89 Views Asked by At

I'm building a graph network of rivers. So far, I've created a networkx graph of lat/lon points on rivers. Each river has edges between it's points. However, no edges exist between different rivers in my dataset. Now I want to connect rivers that geographically intersect, so for example here: enter image description here

I want to add an edge at the red arrow between the end node on the Missouri river and the nearest node on the Mississippi river.

How can this be accomplished? I could iterate through every pair of nodes, calculate their great-circle distance, and add an edge if it's under the distance limit. This could work but seems slow and I wonder if there's a more built-in way to do this?

2

There are 2 best solutions below

0
Paul Brodersen On
  1. You only need to check the leaves of each component (=river), i.e. nodes with degree 1 (i.e. the endpoints of each river arm). If the graph is directed, you can further restrict your search to nodes with either in-degree 1 or out-degree 1, depending how the directionality of the edges corresponds to the directionality of the rivers.
my_leaves = [node for node in G if G.degree(node) == 1]  
  1. You can use scipy.spatial.KDTree.query_ball_point to efficiently find all other nodes within a specified distance. Then select the nearest node that is not part of the same component as the leaf.
tree = KDTree(my_node_positions)
neighbours = tree.query_ball_point(my_leaf_node_positions, radius=my_cutoff)
0
ravenspoint On

The snag is that the node on the end of one river might not be 'close' to any node on the other river. Like this:

enter image description here

So you must check every leaf node for its distance from the line between every pair of nodes on other rivers.

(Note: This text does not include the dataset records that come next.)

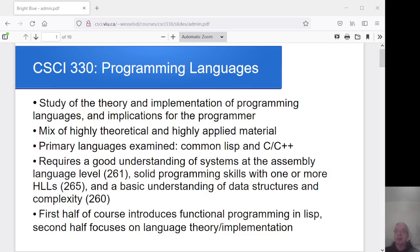Hi folks. Welcome to Comp Sci 330, the Programming Languages course. I'm Dave Wessels. I'm sure I've met most of you at some point, either in 160 or 162 or 265.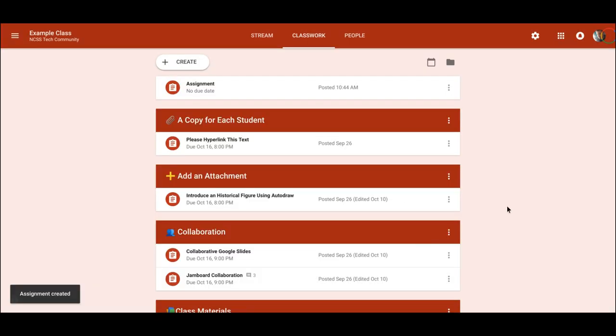And there it is. It's that simple and easy, just like other Google Drive files in Google Classroom.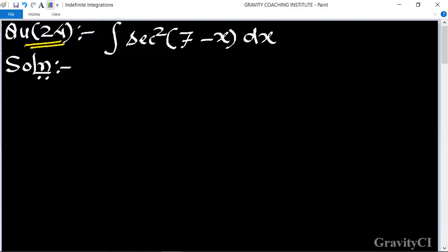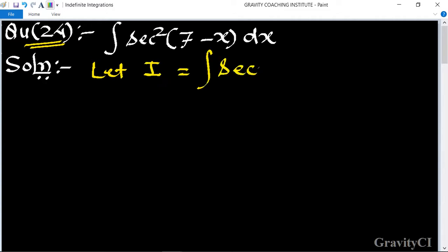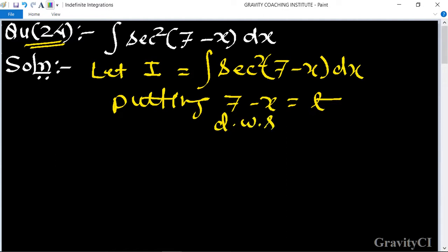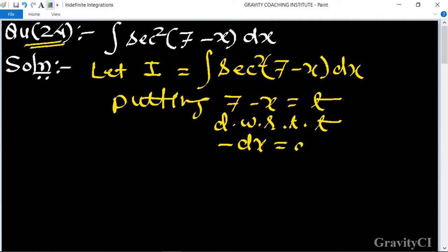Indefinite integration question number 24: integration of csc²(7 - x) dx. We let I equal to the integration of csc²(7 - x) dx. Now we put 7 minus x equal to t, and differentiate with respect to t, we get minus dx equal to dt.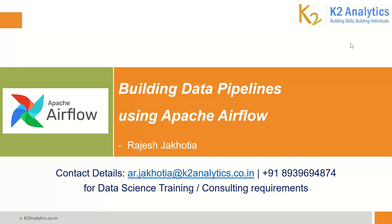Welcome everyone, welcome to your own channel on data science and machine learning. In this playlist, we are learning how to build data pipelines using Apache Airflow.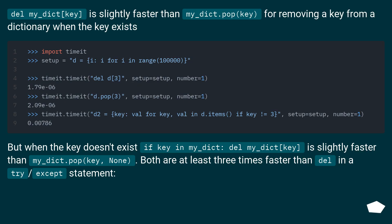Del my_dict[key] is slightly faster than my_dict.pop(key) for removing a key from a dictionary when the key exists.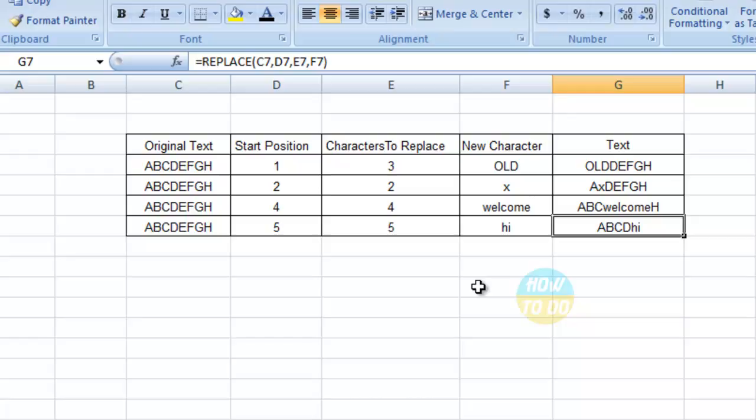The syntax would be: equals replace, open bracket, select the original text, comma, select the start position, comma, select the number of characters to be replaced, comma, new character, and close the bracket. You will get the data. So this is how you apply a replace formula.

The algorithm for calculating the distance of a point from a line segment is easily found by googling. Note that you do not need any fancy great circle distance calculations - the distances you are interested in finding are sufficiently approximated by assuming a flat plane.

If you have a very large dataset, like maybe all the rivers in North America, you will need to prune the line segments you will check to those in the approximate neighborhood - this can be done by using a quadtree ( see https://github.com/JamesBremner/quadtree )

Alternative Approach

Preprocess your dataset, adding nodes along the lines between nodes that are far apart so that no node is no more than a specified distance from any possible merge point. This makes the finding of the merge point simpler by looking only at node-node distances rather than node-line segment distances. If you need to this a lot then the cost of pre-processing and the storage for the extra nodes might be worthwhile - however, I cannot image why you would need to this more than once.